ECLI:NL:RBZWB:2024:8540

Rechtbank Zeeland-West-Brabant

Datum uitspraak
15 november 2024
Publicatiedatum
13 december 2024
Zaaknummer
11029983 _ MB VERZ 24-258
Instantie
Rechtbank Zeeland-West-Brabant
Type
Uitspraak
Rechtsgebied
Strafrecht
Procedures
  • Eerste aanleg - enkelvoudig
Rechters
  • W.H.C. van Eck
Vindplaatsen
  • Rechtspraak.nl
AI samenvatting door LexboostAutomatisch gegenereerd

Beroep tegen verkeersboete met gedeeltelijke gegrondverklaring en matiging van de boete wegens schending van de hoorplicht

In deze zaak heeft de kantonrechter van de Rechtbank Zeeland-West-Brabant op 15 november 2024 uitspraak gedaan in een beroep tegen een verkeersboete die aan betrokkene was opgelegd. De boete was opgelegd omdat betrokkene als bromfietser niet de rijbaan had gebruikt, terwijl er geen verplicht fiets/bromfietspad aanwezig was. Betrokkene heeft in zijn beroepschrift aangevoerd dat hij op een onverplicht fietspad reed en dat er geen verbod was op het gebruik van dit pad met een bromfiets. Hij stelde dat de wet geen juridische basis bood voor de opgelegde boete.

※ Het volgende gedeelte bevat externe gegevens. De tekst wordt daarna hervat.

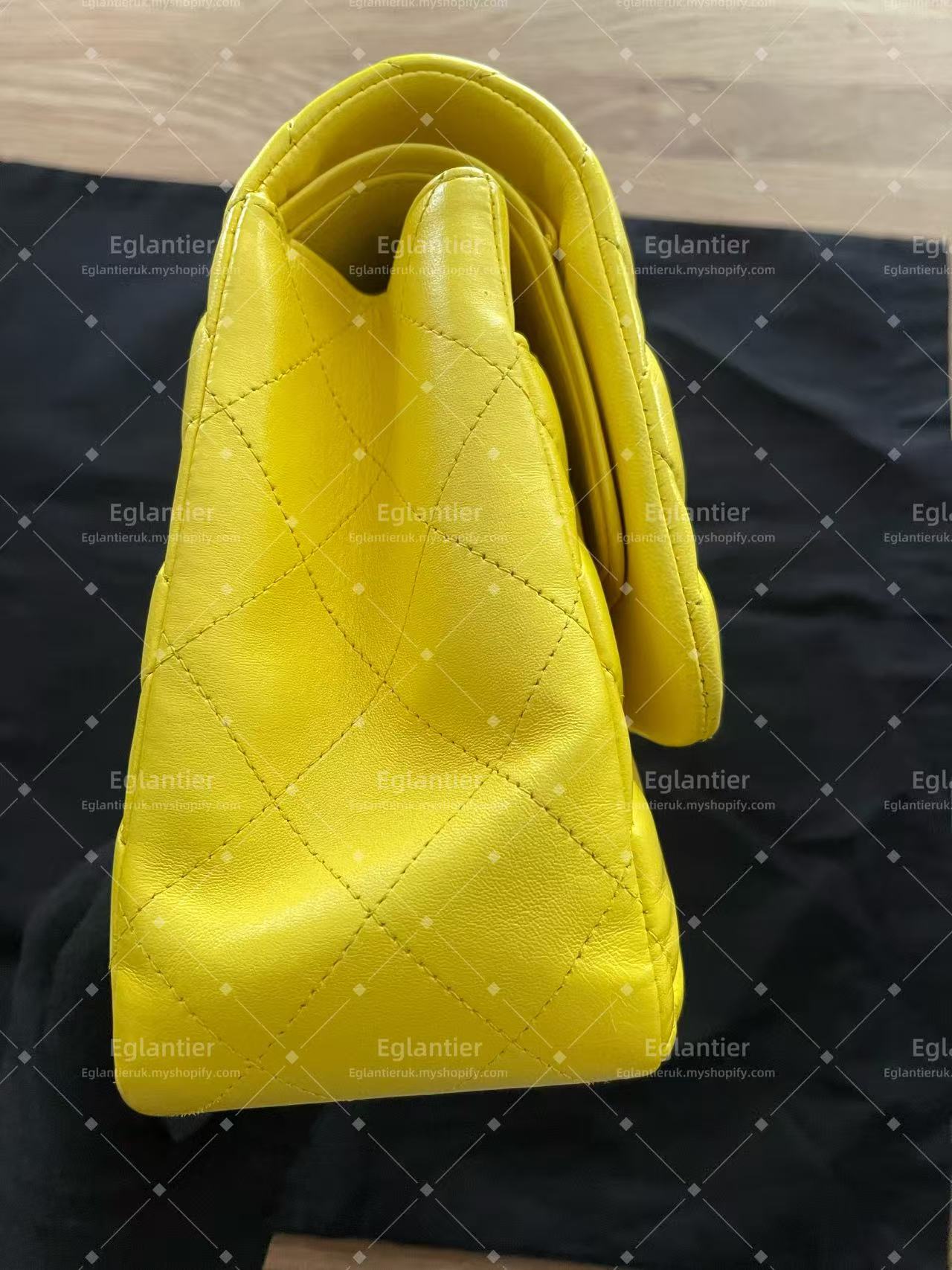Chanel Timeless Classic double flap jumbo lambskin gold harware yellow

De officier van justitie heeft het beroep van betrokkene ongegrond verklaard, maar de kantonrechter oordeelde dat de verklaring van de verbalisant voldoende bewijs bood voor de gedraging. De kantonrechter wees erop dat de wet bepaalt dat bromfietsers de rijbaan of het fiets/bromfietspad moeten gebruiken en dat er geen mogelijkheid is voor bromfietsers om een onverplicht fietspad te gebruiken. Hierdoor kon het beroep inhoudelijk geen doel treffen en was de boete terecht opgelegd.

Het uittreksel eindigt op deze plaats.